▸ Assignment: Retype all the entries word for word, but omit the pictures.

Captioned web images

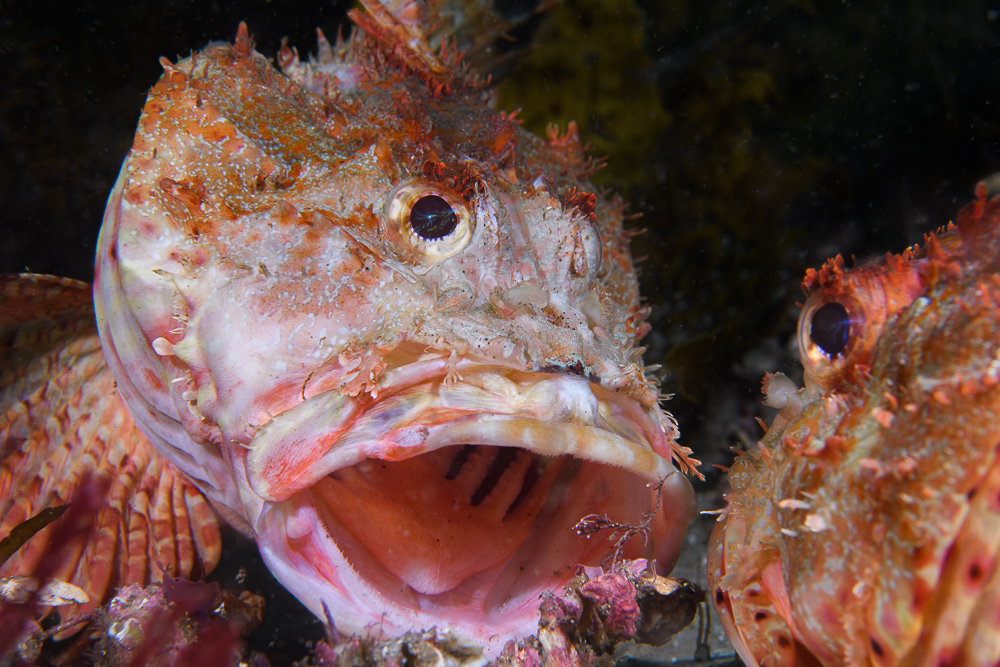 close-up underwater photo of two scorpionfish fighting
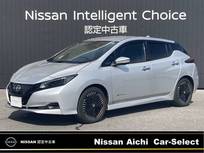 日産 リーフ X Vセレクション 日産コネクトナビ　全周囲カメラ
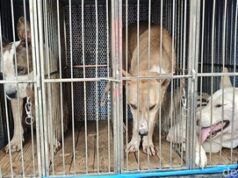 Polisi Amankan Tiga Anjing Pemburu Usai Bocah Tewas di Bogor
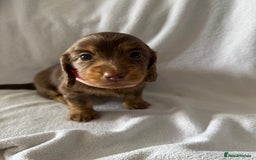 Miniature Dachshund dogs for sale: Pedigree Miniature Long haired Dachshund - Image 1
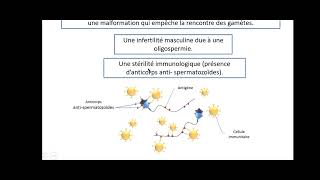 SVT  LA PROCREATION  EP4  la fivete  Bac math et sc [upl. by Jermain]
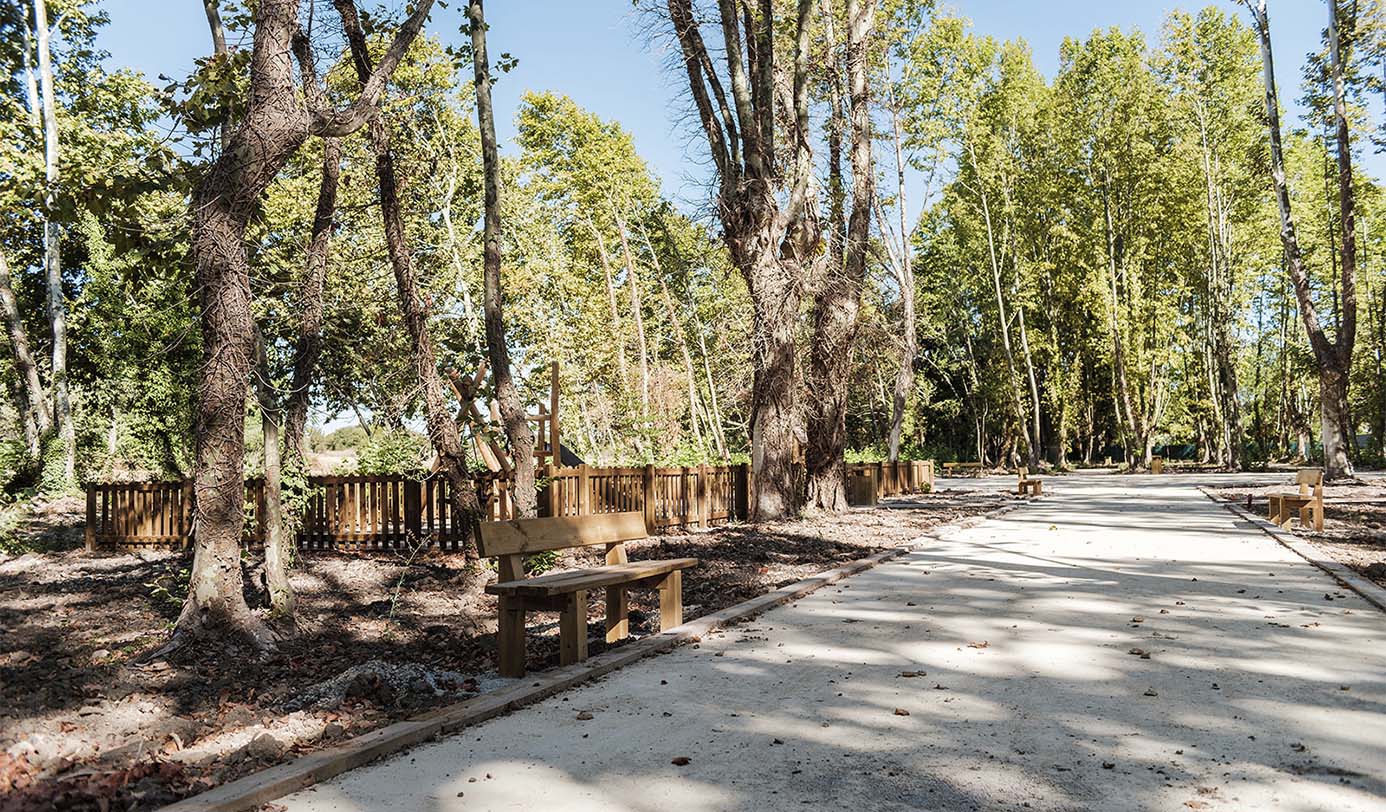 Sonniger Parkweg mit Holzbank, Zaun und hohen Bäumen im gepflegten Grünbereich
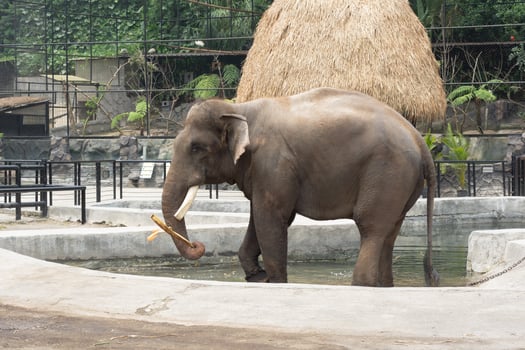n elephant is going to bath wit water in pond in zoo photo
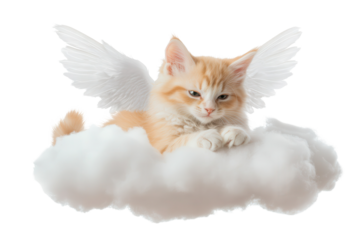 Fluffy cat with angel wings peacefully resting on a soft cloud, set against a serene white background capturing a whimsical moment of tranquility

▸ Written answer:
 close-up underwater photo of two scorpionfish fighting
 日産 リーフ X Vセレクション 日産コネクトナビ　全周囲カメラ
 Polisi Amankan Tiga Anjing Pemburu Usai Bocah Tewas di Bogor
 Miniature Dachshund dogs for sale: Pedigree Miniature Long haired Dachshund - Image 1
 SVT  LA PROCREATION  EP4  la fivete  Bac math et sc [upl. by Jermain]
 Sonniger Parkweg mit Holzbank, Zaun und hohen Bäumen im gepflegten Grünbereich
n elephant is going to bath wit water in pond in zoo photo
 Fluffy cat with angel wings peacefully resting on a soft cloud, set against a serene white background capturing a whimsical moment of tranquility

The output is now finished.